> Data provided:
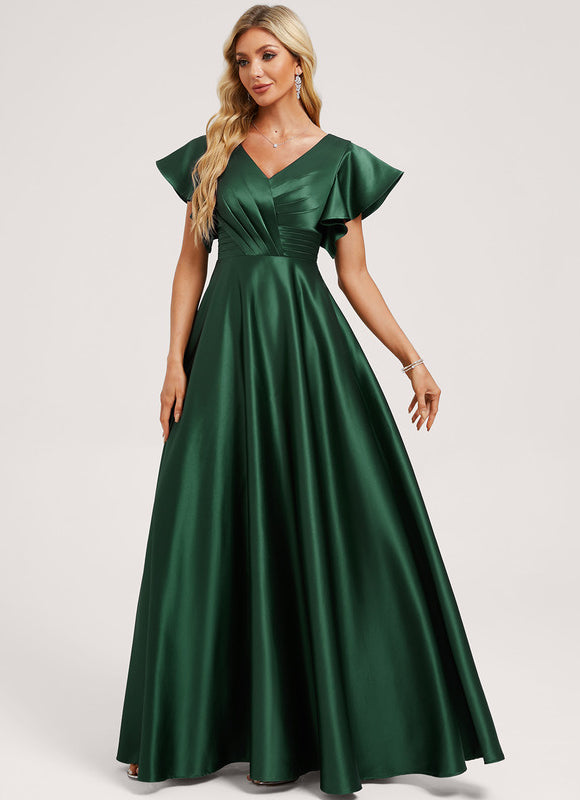Robe Trapèze Fluide Vert Pâle - gallery 2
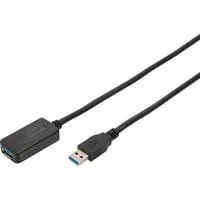 Aktives USB 3.2 Gen 1 Verlängerungskabel, 5 Meter schwarz, Repeater Kabel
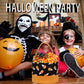 Xinblueco Halloween Trick Or Treat Bags Halloween Candy Buckets Fabric Orange Black Purple Basket Candy Corn White Polka Dot Stripe Halloween Party Favor Bags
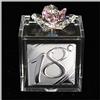 DLM Bomboniere DLM-31880-rosa (Kit 6 Pezzi) Scatolina Cofanetto Portaconfetti con Fiore in Cristallo e Icona Festa 18 Anni Diciottesimo Compleanno_Rosa bomboniera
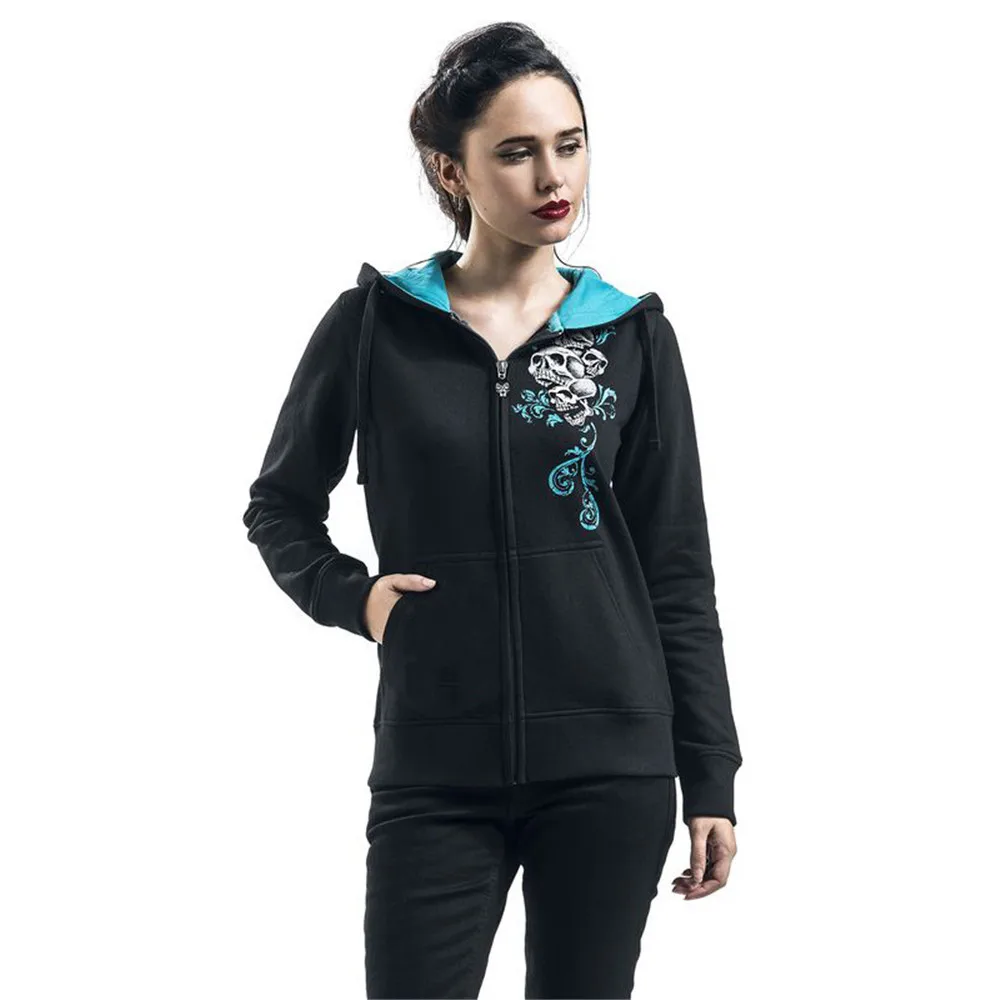 

New Retro Women's Hoodie Dark Black Punk Hoodie Gothic Casual Style Solid Color Long Sleeve Long Skull Print Gothpunk Funny Top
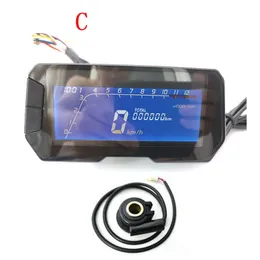 12000 RPM 6 Gang Universal Motorrad LCD Digital Tachometer Kilometerzähler Hintergrundbeleuchtung Motorrad Kilometerzähler für 2,4 Zylinder Meter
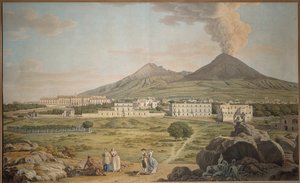 Vesuv-bakkene fra Portici med utsikt over Bourbon-palasset, av Giovan Battista Lusieri, gouache.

> What this task involves: In the copy, include every entry above exactly and leave out each picture.

> Problem solution:
Robe Trapèze Fluide Vert Pâle - gallery 2
 Aktives USB 3.2 Gen 1 Verlängerungskabel, 5 Meter schwarz, Repeater Kabel
 Xinblueco Halloween Trick Or Treat Bags Halloween Candy Buckets Fabric Orange Black Purple Basket Candy Corn White Polka Dot Stripe Halloween Party Favor Bags
 DLM Bomboniere DLM-31880-rosa (Kit 6 Pezzi) Scatolina Cofanetto Portaconfetti con Fiore in Cristallo e Icona Festa 18 Anni Diciottesimo Compleanno_Rosa bomboniera

New Retro Women's Hoodie Dark Black Punk Hoodie Gothic Casual Style Solid Color Long Sleeve Long Skull Print Gothpunk Funny Top
 12000 RPM 6 Gang Universal Motorrad LCD Digital Tachometer Kilometerzähler Hintergrundbeleuchtung Motorrad Kilometerzähler für 2,4 Zylinder Meter
 Vesuv-bakkene fra Portici med utsikt over Bourbon-palasset, av Giovan Battista Lusieri, gouache.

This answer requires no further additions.